也許在'Matrix'包裏有什麼？它有一個對稱類。或者可能是'matrixStats'包。 – lmo

它似乎並不像matrix包採取andvantage對稱性：

> n <- 100 
> x <- s <- matrix(runif(n^2),n,n) 
> s[lower.tri(s)] <- t(s)[lower.tri(s)] 
> 
> library(Matrix) 
> s_sym <- Matrix(forceSymmetric(s)) 
> class(s_sym) # has the symmetric class 
[1] "dsyMatrix" 
attr(,"package") 
[1] "Matrix" 
> 
> library(microbenchmark) 
> microbenchmark(x %*% x, s %*% s, s_sym %*% s_sym) 
Unit: microseconds 
      expr min lq mean median uq max neval 
     x %*% x 461 496 571 528 625 1008 100 
     s %*% s 461 499 560 532 572 986 100 
s_sym %*% s_sym 553 568 667 624 701 1117 100

沒有任何跡象表明，它應在幫助文件：

基本矩陣產品，%*%實現我們所有的矩陣和也爲sparseVector類，完全類似的r基地矩陣和矢量對象。功能crossprod和tcrossprod是矩陣產品或「交叉產品」，理想情況下有效實施，不需要計算t(.)。當易於檢測時，例如，在crossprod(m), 一個參數情況下，它們也返回分類矩陣。 tcrossprod()取矩陣的轉置矩陣的交叉乘積。 tcrossprod(x)正式相當於，但快，呼籲x %*% t(x)，所以tcrossprod(x, y)而不是 x %*% t(y)。

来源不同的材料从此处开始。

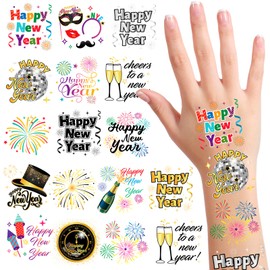 DPKOW Happy New Year Temporary Tattoos, 2025 New Year's Eve Party Supplies, Waterproof New Year Fake Tattoo Stickers 2025 New Year's Eve Party Favors for Kids Adults, 2025 New Year's Eve Decorations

用於您的解決方案是讓使用Rcpp包裝功能和R_ext/BLAS.h提供的BLAS功能。你可以做到這一點，如下所示：做一個func.cpp像這樣的：

// added to get $(BLAS_LIBS) in compile flags 
//[[Rcpp::depends(RcppArmadillo)]] 
#include <Rcpp.h> 
#include <R_ext/BLAS.h> 

/* 
    Wrapper for BLAS dsymm. See dsymm http://www.netlib.org/lapack/explore-html/d1/d54/group__double__blas__level3_ga253c8edb8b21d1b5b1783725c2a6b692.html#ga253c8edb8b21d1b5b1783725c2a6b692 
    Only works with side = 'R' 
    Note intput is by refernce with & 
*/ 
// [[Rcpp::export]] 
Rcpp::NumericMatrix blas_dsymm(
    char uplo, int m, int n, double alpha, 
    const Rcpp::NumericMatrix &A, const Rcpp::NumericMatrix &B){ 
    // set lda, ldb and ldc 
    int lda = n, ldb = m, ldc = m; 

    // make new matrix with dim(m, n) 
    Rcpp::NumericMatrix C(m, n); // default values are zero 
    double beta = 0; 

    F77_NAME(dsymm)(
    "R" /* side */, &uplo, &m, &n, &alpha, 
    A.begin(), &lda, B.begin(), &ldb, &beta, C.begin(), &ldc); 

    return(C); 
}

然後運行下列R-腳本：

> n <- 100 
> m <- 200 
> s<-matrix(runif(n^2),n,n) 
> s[lower.tri(s)] <- t(s)[lower.tri(s)] 
> x <- matrix(runif(m*n), m, n) 
> 
> library("Rcpp") 
> sourceCpp("func.cpp") 
> 
> out <- x %*% s 
> out_blas <- blas_dsymm(
+ uplo = "U", m = nrow(x), n = ncol(x), 
+ alpha = 1, A = s, B = x) 
> 
> all.equal(out, out_blas) 
[1] TRUE 
> 
> library(microbenchmark) 
> microbenchmark(
+ dense = x %*% s, 
+ BLAS = blas_dsymm(
+  uplo = "U", m = nrow(x), n = ncol(x), 
+  alpha = 1, A = s, B = x)) 
Unit: microseconds 
    expr  min  lq  mean median  uq  max neval 
dense 880.989 950.3225 1114.744 1066.866 1159.311 2783.213 100 
    BLAS 858.866 938.6680 1169.839 1016.495 1225.286 3261.633 100

它似乎並沒有在這裏做任何區別。請注意，您需要安裝RcppArmadillo和Rcpp軟件包。

來源

2017-10-07 21:27:15

感謝您的建議。我在最近的編輯中嘗試過一種純粹的Rcpp解決方案，但沒有多少運氣。在這種情況下，我將如何使用'R_ext/BLAS.h'？ –

檢查我對我的回答所做的修改。 –

顯示如何訪問BLAS的好答案。這將是這裏唯一的希望，但是正如你所表現的，很難爲這個問題擠出額外的表現。 –

-1

不要用for循環重新編碼矩陣乘法。線性代數庫對此進行了高度優化，您可能會慢10倍（或更糟糕）。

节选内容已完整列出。